My name is Justin. I am a proffesional lighting designer from the DC area. I also work for one of the top rated lighting companies in the US, Barbizon Lighting.
I am 25 years old and have studied under some of the most profound Designers in the business. I mainly work for local commuinity theaters in the DC area. But on occasuion I travel out side of the area working various locations.
I graduated from Radford University with a degree in Scenography and love theatre as much as the next person.


----------



## Nephilim (Jan 12, 2004)

Hey Justin, I just might be poking your mind with some fun LD questions sooner than you think  Welcome!


----------



## jrlang (Jan 12, 2004)

That's why I signed up, I'm here to help out


----------



## wolf825 (Jan 13, 2004)

jrlang said:


> Hi Everyone,
> 
> My name is Justin. I am a proffesional lighting designer from the DC area. I also work for one of the top rated lighting companies in the US, Barbizon Lighting.
> I am 25 years old and have studied under some of the most profound Designers in the business. I mainly work for local commuinity theaters in the DC area. But on occasuion I travel out side of the area working various locations.
> I graduated from Radford University with a degree in Scenography and love theatre as much as the next person.

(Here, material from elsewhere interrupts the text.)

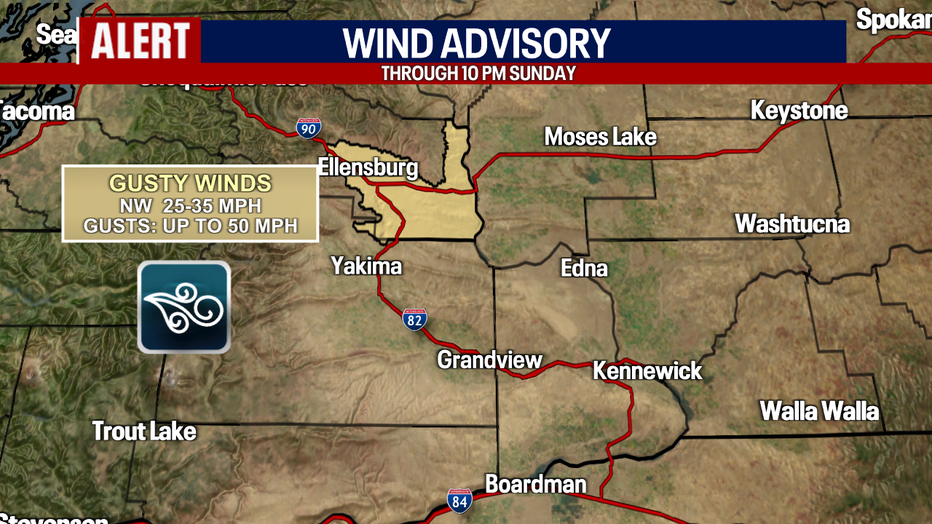 Northwest winds of up to 25 to 35 mph were expected with gusts of up to 50 mph. 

Hi Justin, welcome aboard...another DC person here--yeah! Tell Bob Smith & Blair I say howdy.... 

-wolf


----------



## jrlang (Jan 13, 2004)

wolf825 said:


> Hi Justin, welcome aboard...another DC person here--yeah! Tell Bob Smith & Blair I say howdy....
> 
> -wolf



Unfourtuntly, Bob no longer works for us. He has way to much side business and decided to make that his career. He is doing pretty well at it. But I will definatly tell Blair howdy for you.


----------



## wolf825 (Jan 13, 2004)

jrlang said:


> wolf825 said:
> 
> 
> > Hi Justin, welcome aboard...another DC person here--yeah! Tell Bob Smith & Blair I say howdy....
> ...



hehehehe...Bob was always busy with side stuff for as long as I've known him..not surprising. I always bump into him somewhere around town..

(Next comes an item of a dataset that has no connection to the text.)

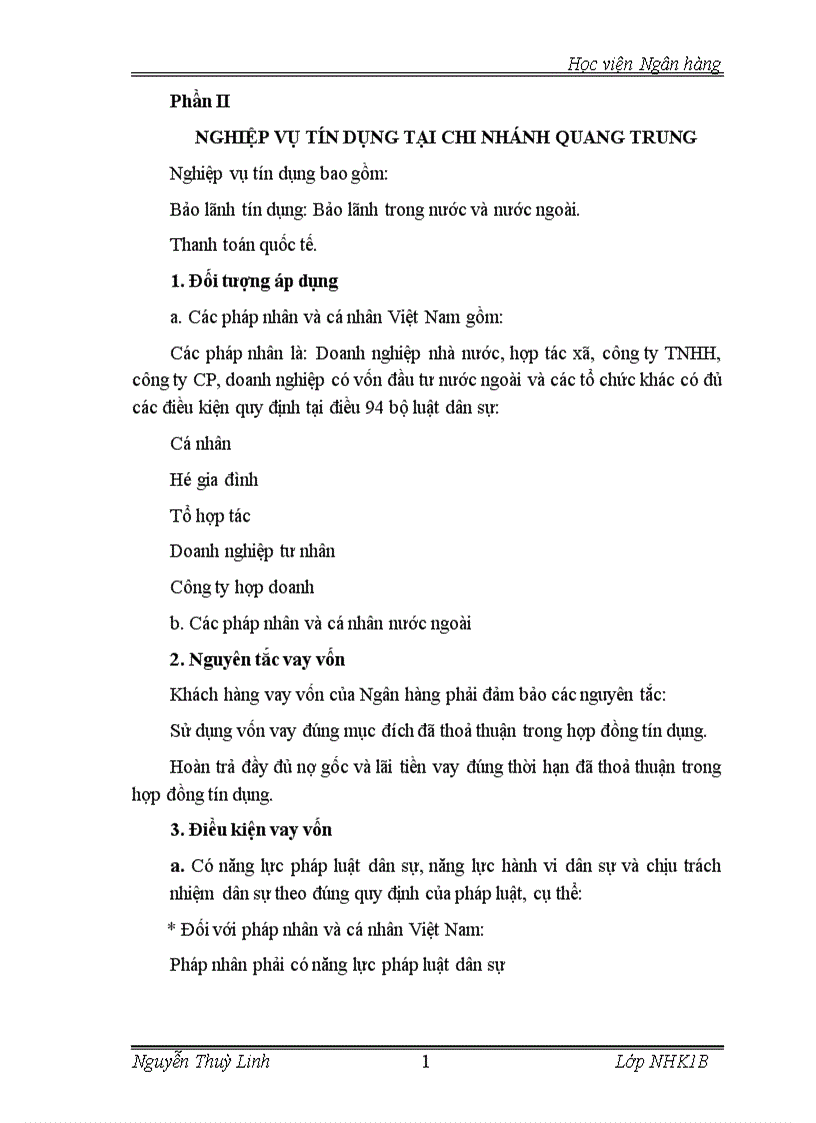 image for page Báo cáo thực tập tổng hợp tại NHĐT PT Quang trung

Welcome aboard to the Controlbooth! Hope you have fun advising and contributing to questions asked, and as well please asking questions. You can never stop learning in this industry. 

-wolf


----------



## jrlang (Jan 13, 2004)

wolf825 said:


> jrlang said:
> 
> 
> > wolf825 said:
> ...



thanks for the welcome. Stop by the office some time and say hi. I'll have a t-shirt waiting.


----------



## wemeck (Jan 13, 2004)

Welcome! Look like from the look of your avatar that you are a Dogma Fan! Some of my crew kids and I are big fans of Kevin Smith, and are awaiting his next movie in March 2004. 

http://viewaskew.com/

Hope to see you around the forums.[/url]


----------



## dvsDave (Jan 13, 2004)

Hey Justin!

Another East Coaster!! Wonderful!! I am your webmaster, dvsDave, and I just wanted to welcome you to the site!! 

I live right over the Potomac in Virginia... In fact yoru company did the install on my high school, Stone Bridge High School in Ashburn, VA!

glad to have you around the forums!!

-dvsDave


----------



## jrlang (Jan 13, 2004)

dvsDave said:


> Hey Justin!
> 
> Another East Coaster!! Wonderful!! I am your webmaster, dvsDave, and I just wanted to welcome you to the site!!
> 
> ...



I was just looking over Stone Bridge's archive. Looks like you guys got a nice little system. How is the unison system handleing, good? 
Looks like you guys also got a nice little black box setup, sweet!

And thanks for the welcome


----------



## HMOcidalmaniac (Jan 16, 2004)

howdy- i might pick your brain occasionally as well-


----------